Although greenhouse gas forcing is the principal driver of long-term changes in Earth’s temperature (Santer et al. 2017; Eyring et al. 2021), internal climate variability can produce substantial variations in the rate of surface and tropospheric warming on decadal and multidecadal timescales (Marotzke and Forster 2015; Mitchell et al 2020). Such variations have contributed to muted warming over individual decades (e.g., the 2000s) and have partially offset greenhouse warming over the full satellite era (1979 – present) in both the tropical and global domains (Flato et al. 2013; Gleisner et al 2015; Po-Chedley et al 2022). Reduced warming has been linked to a `La-Niña-like` pattern of surface temperature change (Kosaka and Xie 2013; Meehl et al 2014; Medhaug et al 2017; Po-Chedley et al 2021), which produces a negative cloud feedback (Zhou et al. 2016; Andrews et al 2018; Dong et al. 2019) and is associated with enhanced deep ocean heat uptake (Meehl et al 2011; Chen and Tung 2014).

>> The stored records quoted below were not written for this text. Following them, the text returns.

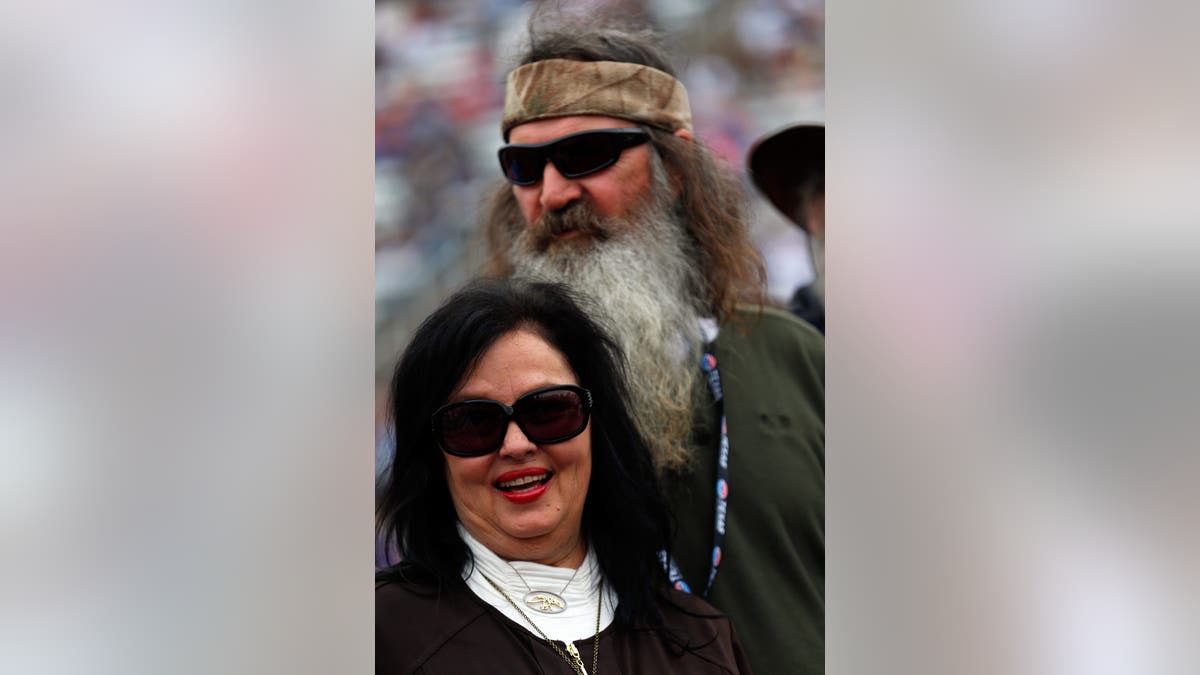The cast of Duck Dynasty in a camouflage four wheeler.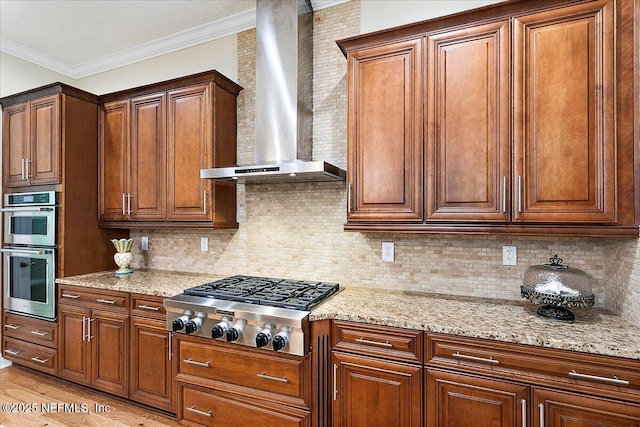 kitchen featuring appliances with stainless steel finishes, tasteful backsplash, light stone counters, wall chimney exhaust hood, and crown molding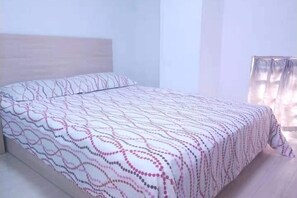 A bed with a patterned bedspread in a room with a wooden headboard and a window with curtains. - Dingding Hotel (Shanghai New International Expo Center Huaxia East Road Subway Station) (Shanghai)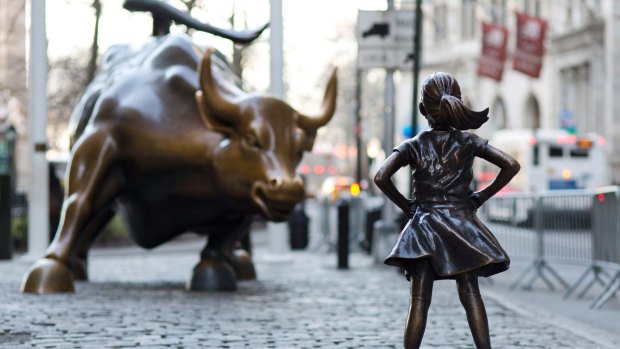 In this March 22, 2017 photo, the Charging Bull and Fearless Girl statues are shown on Lower Broadway in New York.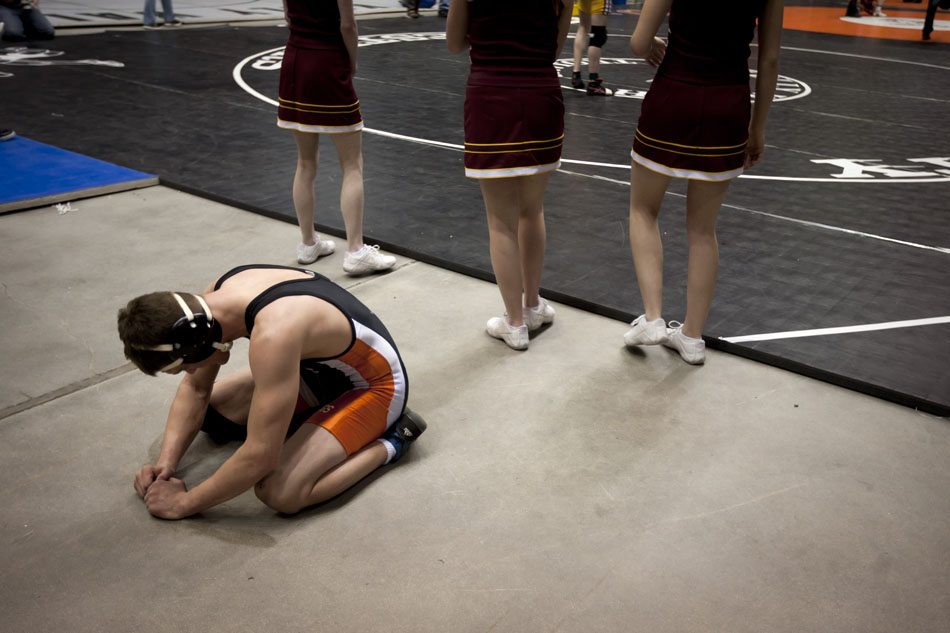 A Natrona County wrestler falls to his knees in tears after he was defeated in a state semi-final matchup on Friday, Feb. 25, 2011, in Casper, Wyo.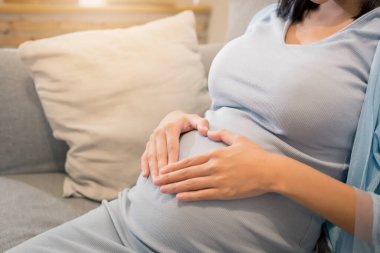 Güzelliğe yakın mutlu Asyalı hamile kadın pencere kenarında büyük bir göbek - hamilelik, annelik, insanlar ve beklenti konsepti.
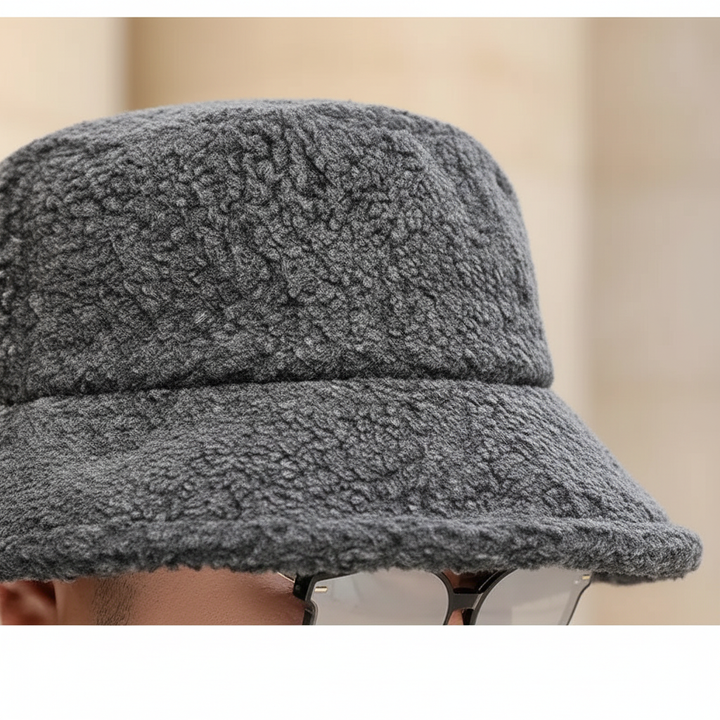 Cozy beige fleece bucket hat, ideal for keeping warm and fashionable in winter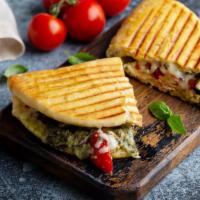Panini With Ham And Pesto · Hot off the press panini with fresh ham, delicious pesto, melty cheese, and sprouts.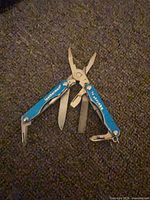 Multitool open displaying pliers, blade, file and screwdriver heads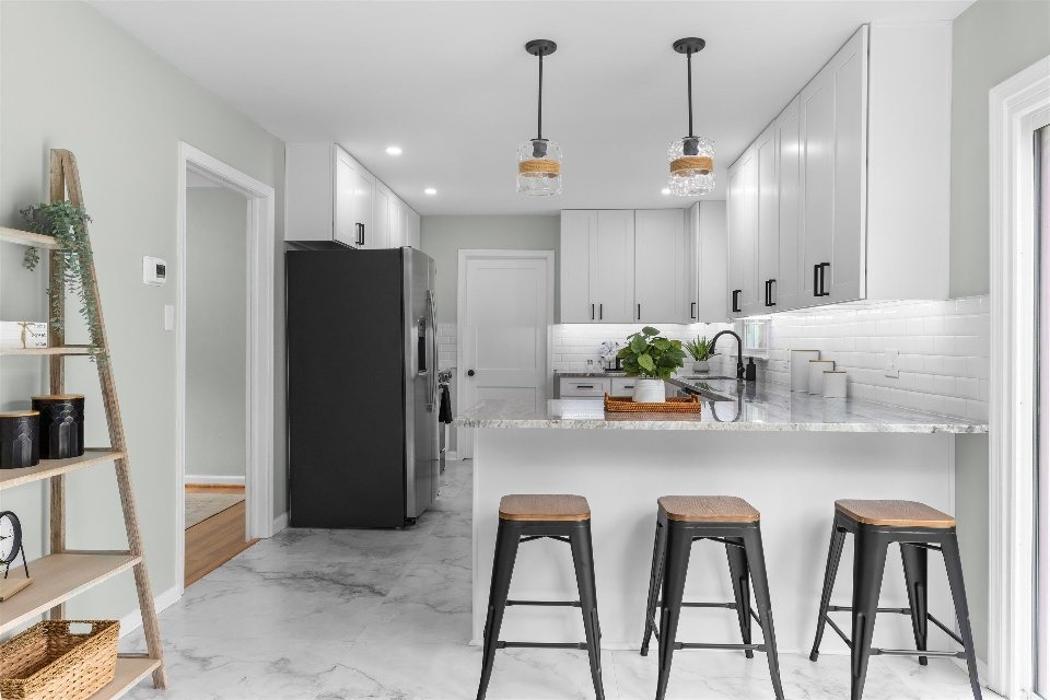 Bright kitchen remodeling project featuring white cabinetry, island seating, pendant lighting, updated flooring, and modern finishes.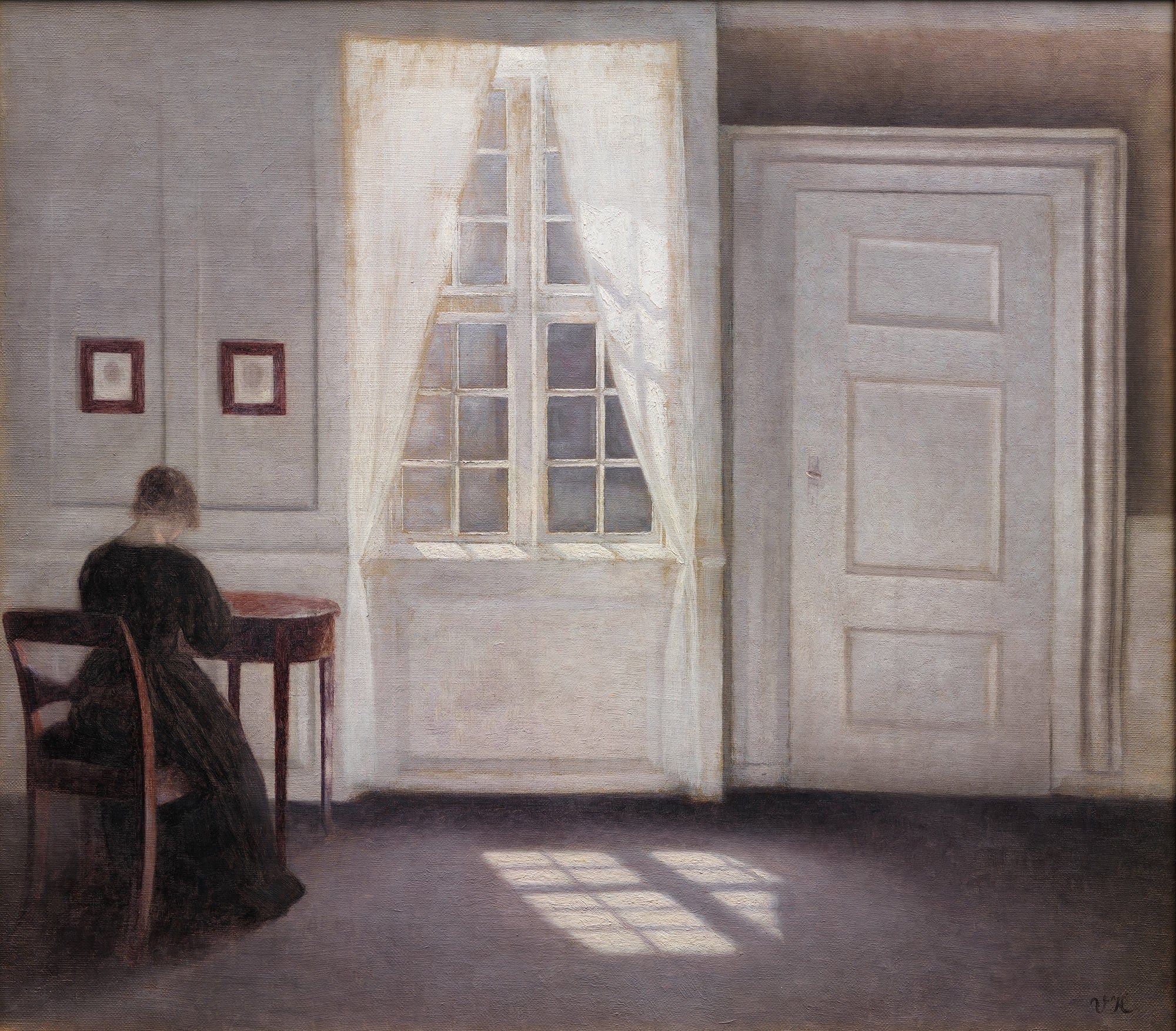 A Room In The Artists Home In Strandgade Copenhagen With The Artists Wife by Vilhelm Hammershoi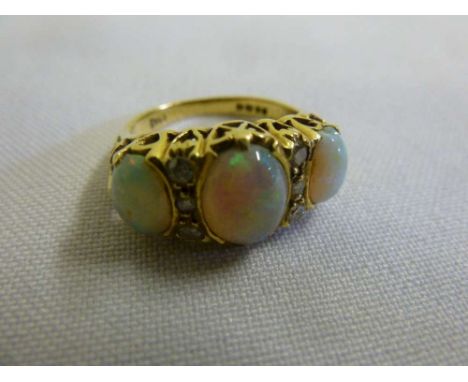 18ct yellow gold opal and diamond ring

This research will employ large ensembles of climate model simulations to better understand decadal and multidecadal warming fluctuations by analyzing the a) patterns of surface temperature change associated with muted/accelerated warming and b) the relative contribution of ocean heat uptake efficiency and climate feedback parameter to intra-ensemble variability in global mean surface temperature change. Since the relative importance of climate feedback versus ocean heat uptake efficiency likely varies by period, we also consider the influence of the time period and timescale on internally-driven global warming acceleration and deceleration.